After the census results are tabulated, the Census Bureau provides the President with the apportionment population for each state. The President transmits this information to Congress, and the 435 seats in the House of Representatives are allocated among the 50 states using a mathematical formula known as the method of equal proportions (also called the Huntington-Hill method). Every state is guaranteed at least one seat. The remaining 385 seats are allocated based on population, with the method of equal proportions determining the priority order in which additional seats are assigned. 2 U.S.C. 2a.
Reapportionment can shift political power significantly. Population growth in Sun Belt states over recent decades has resulted in those states gaining seats while states in the Rust Belt and Northeast have lost them. After the 2020 census, Texas gained two seats, while Colorado, Florida, Montana, North Carolina, and Oregon each gained one. California, Illinois, Michigan, New York, Ohio, Pennsylvania, and West Virginia each lost one seat. These shifts alter the Electoral College map as well, since each state's electoral votes equal its total congressional delegation (House seats plus two senators).
The census itself has become politically contested. The Trump administration's attempt to add a citizenship question to the 2020 census was blocked by the Supreme Court in Department of Commerce v. New York, 588 U.S. 752 (2019), which held that the stated rationale for adding the question — enforcement of the Voting Rights Act — was pretextual. Critics of the citizenship question argued that it would depress response rates among immigrant communities, producing an undercount that would shift political representation away from states with large immigrant populations. The accuracy and completeness of the census count directly affect the fairness of reapportionment and redistricting, making census methodology a matter of significant political consequence.
How Redistricting Works
Once seats are reapportioned among the states, each state that has more than one congressional seat must draw new district boundaries. The Constitution assigns the authority to regulate the "Times, Places and Manner" of federal elections to state legislatures, subject to congressional override. Article I, Section 4. In practice, this means that the redistricting process varies substantially from state to state.
In the majority of states, the state legislature draws congressional district maps, typically subject to the governor's veto. This arrangement gives the party that controls the state government at the time of redistricting an enormous advantage: it can draw district lines that maximize its own seats while minimizing the opposition's. The same legislature also draws the lines for state legislative districts, creating the potential for a self-reinforcing cycle in which the party in power draws districts that entrench its majority.

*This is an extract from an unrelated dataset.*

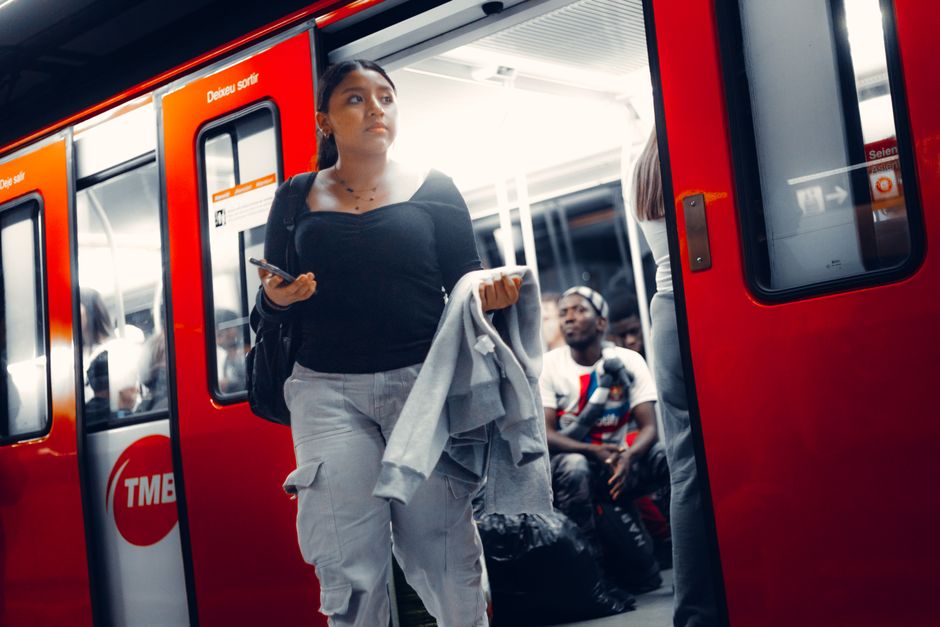 Mujer sale de un tren rojo brillante en una concurrida plataforma de metro de la ciudad sosteniendo un teléfono inteligente.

Several states have established independent or bipartisan commissions to handle redistricting, removing the process from the legislature entirely or giving a commission the first opportunity to draw maps. California's Citizens Redistricting Commission, established by voter initiative in 2008 (Proposition 11) and expanded to include congressional districts in 2010 (Proposition 20), is among the most prominent. Arizona, Colorado, Michigan, and several other states have also adopted commission-based redistricting. The Supreme Court upheld the constitutionality of independent redistricting commissions in Arizona State Legislature v. Arizona Independent Redistricting Commission, 576 U.S. 787 (2015), rejecting the argument that the Elections Clause requires redistricting to be performed by the state legislature itself.
The One Person, One Vote Principle
The foundational legal principle governing redistricting is the requirement of population equality among districts. Before the 1960s, many states had not redrawn their legislative districts in decades, resulting in enormous population disparities — urban districts might have ten or twenty times the population of rural districts, meaning that rural voters had vastly disproportionate representation. The Supreme Court intervened in a series of landmark decisions that transformed American politics.
In Baker v. Carr, 369 U.S. 186 (1962), the Supreme Court held that challenges to legislative apportionment present justiciable questions under the Equal Protection Clause — overruling the long-standing position that redistricting was a "political question" beyond judicial competence. In Reynolds v. Sims, 377 U.S. 533 (1964), the Court held that both chambers of a state legislature must be apportioned on the basis of population — the "one person, one vote" principle. Chief Justice Earl Warren later described Reynolds as the most important case decided during his tenure. In Wesberry v. Sanders, 376 U.S. 1 (1964), the Court applied the population equality requirement to congressional districts under Article I, Section 2.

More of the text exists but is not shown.